In other words, they talk about the victory of David. In Psalm 20, there was a request on the part of the congregation for God’s blessing upon the king as he goes forth in battle for representing the nation of Israel. Psalm 21, there’s the answer to that prayer and God’s deliverance of the king and more than simple deliverance—released out of the tight spot they were in into an open place. There’s tremendous victory that also accompanies that.
Much more than God that the people had asked for—that the king had asked for—his life, God gave him an everlasting throne forever and ever. And of course, that’s representative of Jesus Christ, his victory over sin and death and his conquering of all powers and principalities on the cross.
Now with Psalm 22, we come to what is in a way ironic that we go directly from the discussion on Psalm 21, which we talked last week in terms of the thrill of victory and the agony of defeat, and go directly from that victory of God as typified in the messianic king and its exalting triumph and the extent of that triumph. In verse 13, “Be thou exalted, Lord, in thine own strength. So will we sing and praise thy power.” We go directly there to Psalm 22, which starts with, “My God, my God, why hast thou forsaken me?”
But I think it’s important to recognize that these are of a piece. What we’re going to consider in Psalm 22, and we’ll talk about it in two separate messages. We’ll deal with the first half this week, the second half next week.
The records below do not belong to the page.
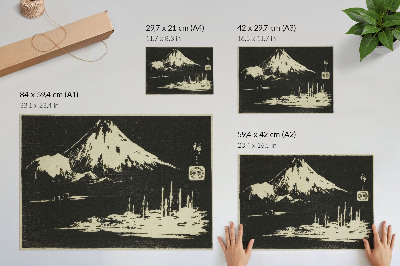 Plakatas ant drobės Seikenji Fuji iš serijos „Akmens įbrėžimų veidrodis“, „Provincijų vaizdai“ (Kohon meihitsu ishizuri kagami)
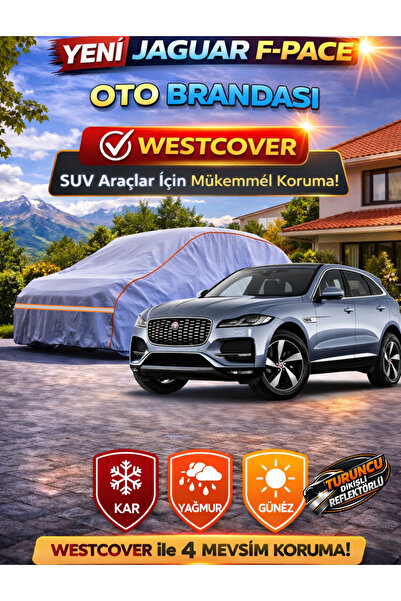 WestCover غطاء سيارة متوافق مع جاكوار F-Pace (خياطة برتقالية-رفل)، خيمة سيارة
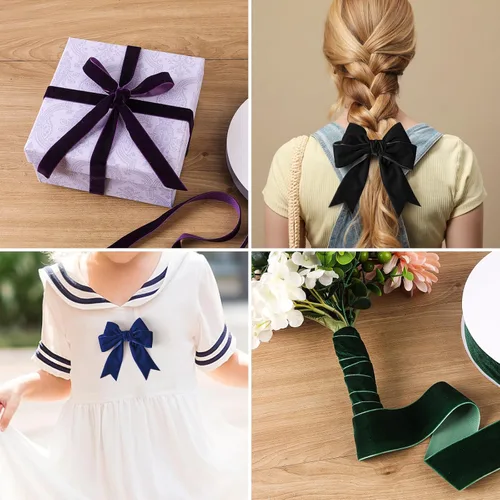Vista 4 de Cinta de terciopelo negro de 1-1/2 pulgadas x 20 yardas, ideal para envolver regalos, hacer lazos para el pelo, coronas, decoración de boda y fiesta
The first half deals with the basis for the victory of the king that’s been shown forth in Psalm 20 and 21. The basis for that victory is the atonement of Jesus Christ. And then the second half of Psalm 22 will talk about the results of that victory of Jesus Christ and the atoning death of the Messiah who was to come.
But it is clear in Psalm 22 that we now have left—we have moved a step away from Psalm 20 and 21—and that Psalm 22 represents a clear set of verses that speak clearly to the coming Messiah and who we recognize now to be Jesus Christ born 2,000 years ago.
Let’s begin then just by reading through Psalm 22. We’ll read however just the first 21 verses and we’ll take up the rest of the psalm next week.
“My God, my God, why hast thou forsaken me? Why art thou so far from helping me and from the words of my roaring? Oh my God, I cry in the daytime, but thou hearest not, and in the night season, and am not silent. But thou art holy, oh thou that inhabitest the praises of Israel.
“Our fathers trusted in thee. They trusted and thou delivered them. They cried unto thee and were delivered. They trusted in thee and were not confounded. But I am a worm and no man, a reproach of men, and despised the people. All they that see me laugh me to scorn. They shoot out the lip. They shake the head, saying, ‘He trusted on the Lord that he would deliver him. Let him deliver him, seeing he delighted in him.’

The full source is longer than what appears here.